Generate an artificial dataset with 20 rows:
a) Generate "age" by using round (sum of two uniforms * 15/2). Generate "agesq" = "age"*"age". Calculate "range" = -2*"agesq" + 30*"age" + normal*15 (sigma = 15). Get rid of any rows with negative range.
b) Fit a simple linear model predicting range with age. Check out the residuals of this model.
c) Fit the quadratic model. Check the residuals of this model.
d) Report what you have learned.
Repeat the above with 100 rows, and 1000 rows. Repeat with sigma=30.
2) Generate your own data with two continuous predictors and one categorical factor with at least 3 levels, and with some kind of interaction. You get to pick the parameters, and you get to label the variables with some names that are meaningful to you. You also get to choose the error variance. Then you get to experiment with leaving terms out of the model, adding bogus interactions, and including bogus predictors. Report what you learned.
3) An exercise exploring multicollinearity. Generate x1 however you please. Generate x2 as a linear function of x1 with a small amount of noise. Generate a y value as a linear function of x1 and x2 along with some noise. Predict y with x1 and x2 individually and then together. Look at plots of x1 versus x2. Look at the Variance Inflation Factors. Look at the whole model tests and the individual variable tests. Make the relationship between x1 and x2 weaker (more variance in the first model) and repeat the analysis. What are your conclusions?
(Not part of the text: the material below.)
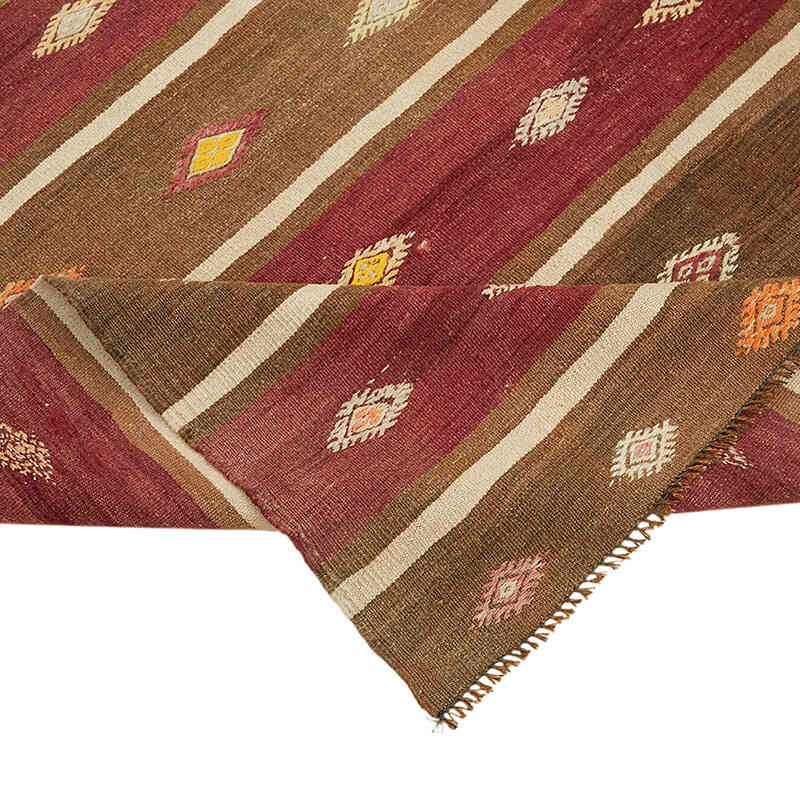 Alfombra Vintage Anatolian Kilim - 167 cm x 293 cm - K0079159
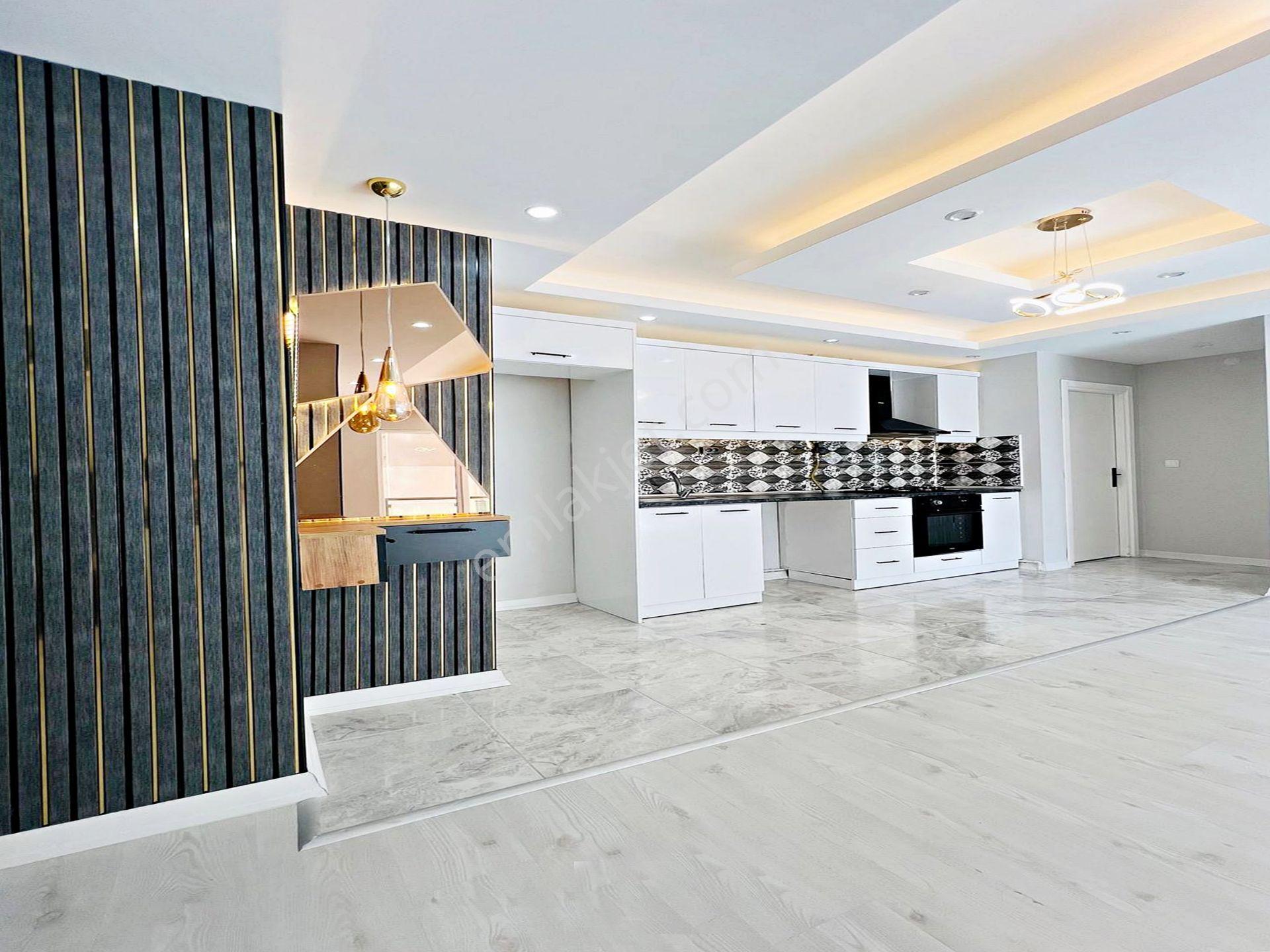 Cadde Üzeri Yatırımlık Havuzlu Güvenlikli Site İçi 1+1 - Görsel 6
And also, using the stockavg.jmp data set included in the Data folder with JMP, try to predict the closing Dow Jones Industrial average using a day index (1,2,3, ...). Lag the residuals three or four times. Plot the residuals (lagged and unlagged) against each other, and compute their sample correlation matrix. Observe that autocorrelation is present. Now add the Closing DJIA lagged by one as a predictor. I know that the day index is not significant, but for now leave it in. What has happened to the autocorrelation?